Only the pictures are dropped; the lines of the material that follow are returned exactly.

:: DATA EXCERPT ::
--
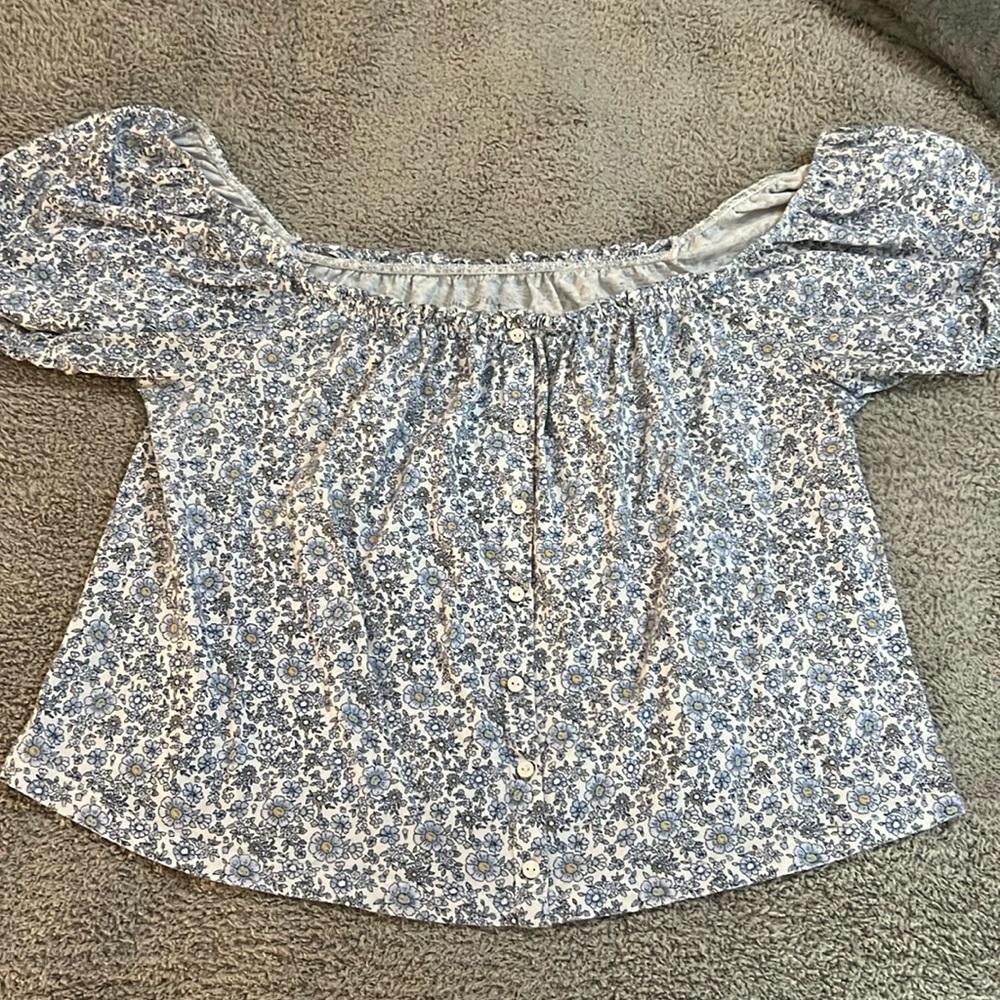 AE Puff Sleeve Floral Shirt, Medium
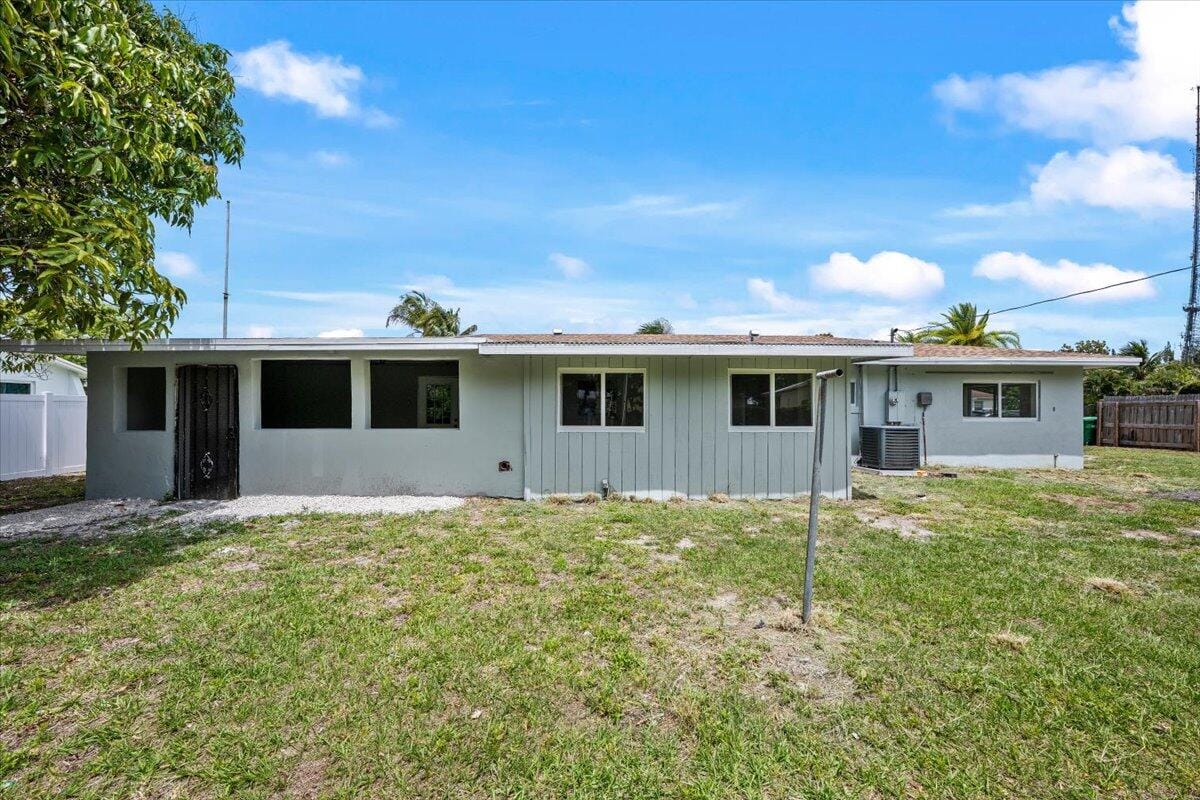 1612 Sherwood Avenue, Mangonia Park, FL 33407 photo 28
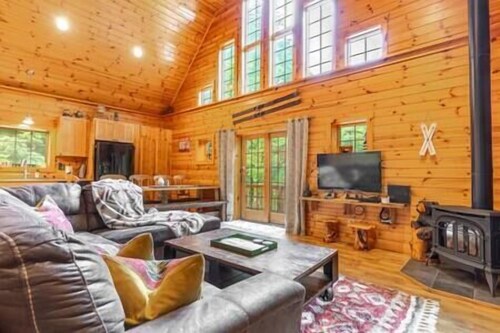 Sunday River & Lake Chalet, 2 Full Kitchens, Hot Tub, Game Room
--
:: YOUR RESPONSE ::
 AE Puff Sleeve Floral Shirt, Medium
 1612 Sherwood Avenue, Mangonia Park, FL 33407 photo 28
 Sunday River & Lake Chalet, 2 Full Kitchens, Hot Tub, Game Room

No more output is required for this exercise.